Gamache described Barstool as objectifying women and showcasing alcohol use.

Campus Executive Chef Brandon Williams said that after the first video, UVM paused its order of lettuce from the Intervale.

UVM continues to purchase other produce from the Intervale and may resume ordering the lettuce next year, he said.

Marissa Watson, UVM Dining’s sustainability manager, said that after having initially paused the order for lettuce Sept. 27, it was resumed again until another bug was reported to UVM Dining, leading to the order’s suspension Oct. 11.

Since the Intervale farms are organic, they don’t use pesticides or chlorinated solutions to get rid of bugs, Watson said.

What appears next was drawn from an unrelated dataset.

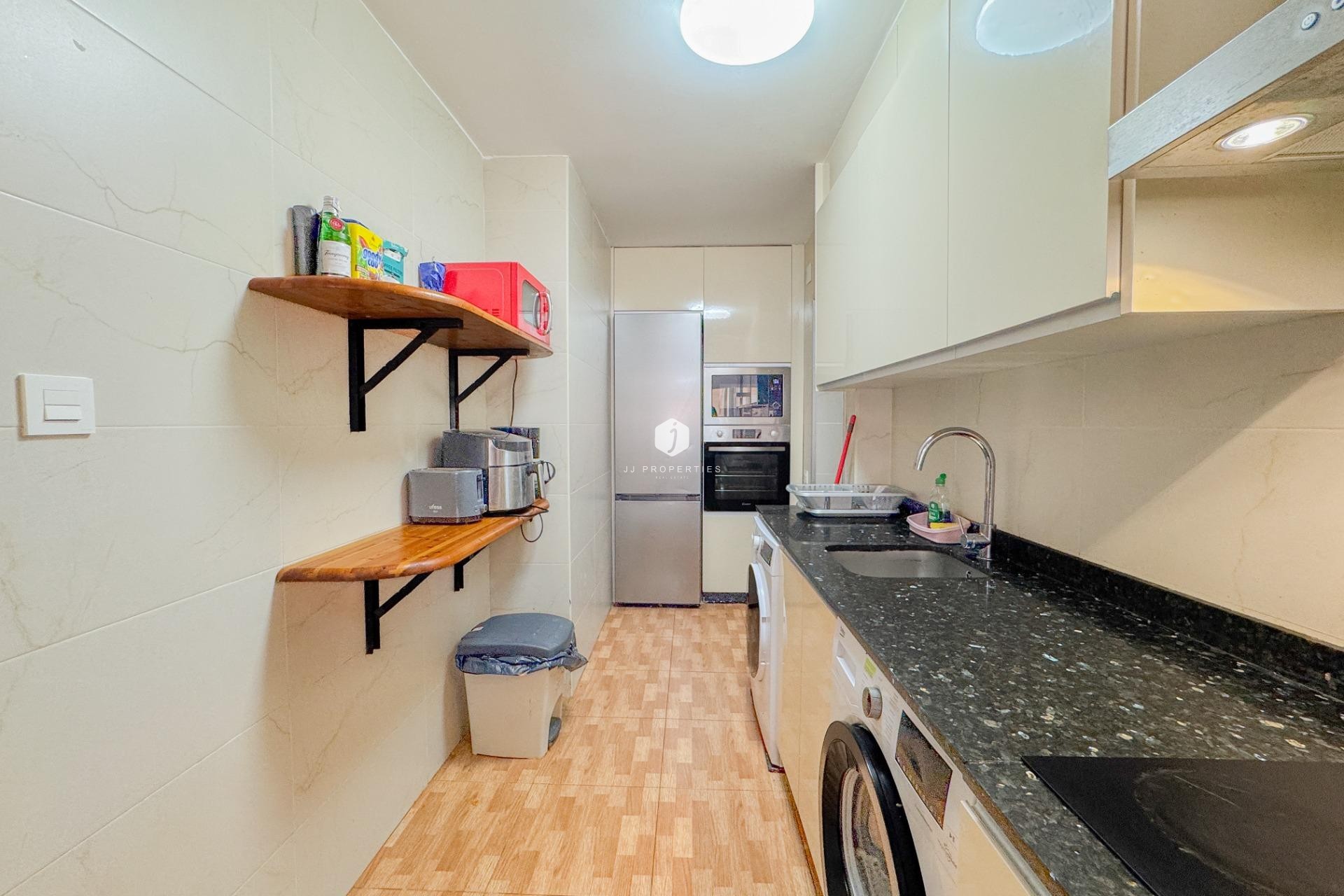 Aus zweiter Hand - Wohnung -
Torrevieja - La Mata Pueblo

Gamache said that the produce from the Intervale is washed three times before being packaged, but the lack of pesticides may allow some bugs to slip through from time to time.

Williams said that although he understands why people wouldn’t want to have a bug in their food, cabbage worms are harmless if consumed.

If a student finds an issue with their food, they should speak to a staff member rather than take to social media in order to solve the issue most efficiently, he said.

Sophomore Ryn Stanfield said they are less likely to eat from the salad bar following these videos.

Although they do not want to cause any harm to farmers, there should be more measures in place to keep bugs, particularly spiders, out of dining hall food, Stanfield said.

“If it’s a worm, it’s a worm, but a spider is too far,” they said.

Barstool UVM declined to provide non-anonymous comment. Barstool Sports was unable to provide comment before the time of publication.